The first image is none other than the Goddess Fortuna, as represented in the 14th-century Carmina Burana manuscript. As the text extols the virtues and commands of Fortuna, the images lead us through its many representations in historical tarots, until it transforms into an image of the Moon. Fortuna and the Moon are one and the same in this archetypal world. The Moon generates a space-time grid and orbs of water and gardens, bringing into being the beautiful Spring of which the Chorus sings in the first few movements of the cantata.

The Artist (baritone) invites us to hear his story. In the spring of his life he pursues love and glory. The Choice of Paris that launched the Trojan War is referred to often in the cantata’s text. Just like Paris, the Artist chooses pleasure and glory over Wisdom and Truth. As he reaches the peak of his success, the world around him changes under the weight of the Nazi’s quest for power. As historical images pass quickly by, we perceive the deceptions and cruelty of war, while the Artist is transfixed by his desire for self-realization and artistic power.

As the Second Tableau opens, a morality play within a play is reflected in the images, emulating the famous story of the German resistance movement, Die Weisse Rose. As the city crumbles under the weight of war, the Dissenting Artist/the Swan (tenor) spreads pamphlets against the regime at the University of Munich with his pupil Sophia/Wisdom (soprano). When he is soon imprisoned he sings of his lost cause, as Truth and Art disappear. Sophia begs the Artist for assistance to no avail. Despair begins to assault the Artist. As a corrupt leader of those around him, he and all citizens with him refuse to see the horrors that surround them, while they sing of drinking and gambling “in taberna.”

The Third Tableau begins with a vision of Sophia/Wisdom as she seeks a companion. The Artist longs for true love union with her. The images show a gradual awakening of metaphysical awareness and redemption. As the Artist joins with Sophia, his old self must die. The cantata ends with chorus singing to Fortuna. Somewhere else, a cycle begins again.

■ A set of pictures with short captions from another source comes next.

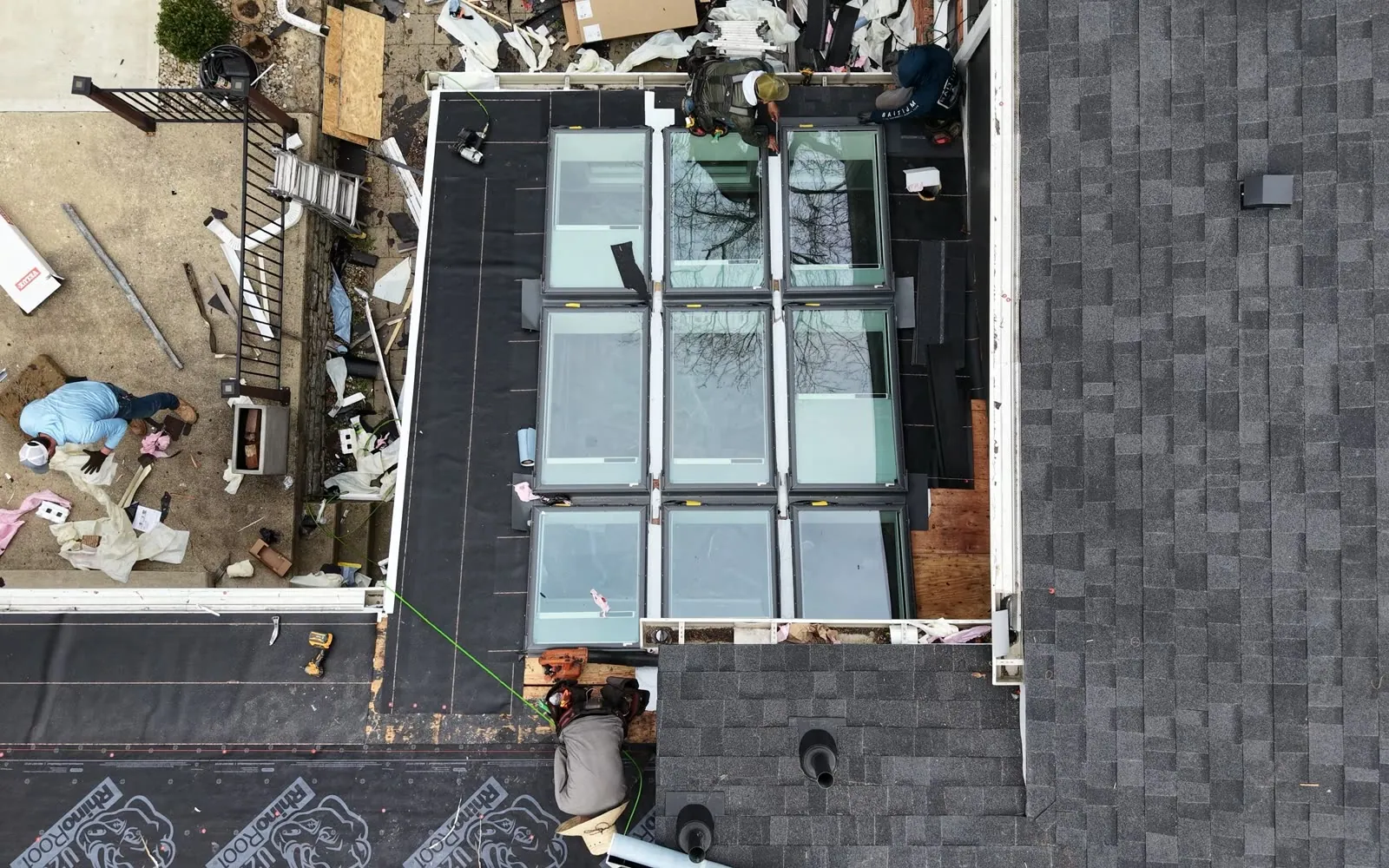 Roofers flashing around a bank of skylights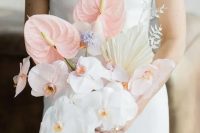 a lovely modern wedding bouquet of white orchids, blush anthurium, fronds and grasses is a cool and bold solution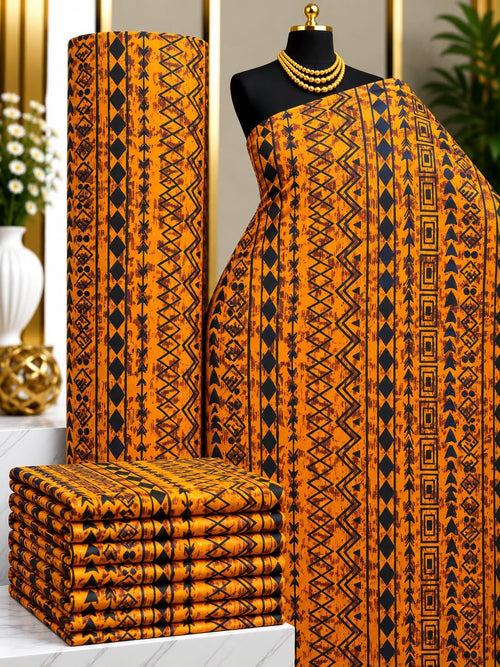 Amber Rhythm African print cotton fabric in orange, yellow and black, featuring narrow vertical bands of repeated geometric details; shown draped and folded.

Some of the following symbols and mythical archetypes are chosen for the images and suggested staging, in concordance with usage by the composer himself throughout his career. The others are selected for their intrinsic expressive values, vis a vis current research on the composer, his work, his medieval sources, and the internal structure of Carmina Burana .

•The concepts tied to Fortuna must dominate the scenario, since the work is structured as three tableaus framed by large symmetrical choruses addressing the virtues of Fortuna.

•Fortuna=The Wheel of Fortune=Circles= even in choral blocking. Other circles: crushing wheels-time-clock-orb of the earth-seasons.

•Fortune is like the Moon, waxing and waning. In the Tarot, the moon is the eye of the subconscious, the connection with the masses, and the wish for fame. In his opera Der Mond, Orff sets a fairy tale about the Moon being stolen and taken to the Underworld. The Moon is the esoteric feminine, and reveals the deeper truths in our psyche.

•The Sun opposes the Moon. It is also a Masculine Symbol in Spring. The flourishing of Spring is the emergence of the masculine creative will and the desire for Glory.

•Artist in a Fascist State. Marionettes and Shadow Theater were a preferred activity of Orff’s youth. Greek Tragedy and other forms of ritual drama establish a parallelism to this concept of Man tied to fateful forces.

•The Choice of Paris is recalled often in Carmina Burana.Just as Paris chose Aphrodite above Hera and Athena, leading to the Trojan War, this choice can be enacted as the Composer’s choice between Fame, Wealth and Wisdom.

•The White Rose Movement and the sermons of bishop von Galen stand her as symbols for all resistance movements, and for the defense of true freedom of expression.

•The Swan is Truth and True Art- a beautiful voice and figure. Swans represent Loyalty and Truth in Bavarian lore. In the context of this scenario, the Swan is a heroic figure, not a comic one.

•The Girl Sophia synthesizes many different meanings besides the literal translation as Wisdom: Freedom, Art, Inspiration after Guilt, Death and Transcendence, and the German view of redemption through woman’s love, etc.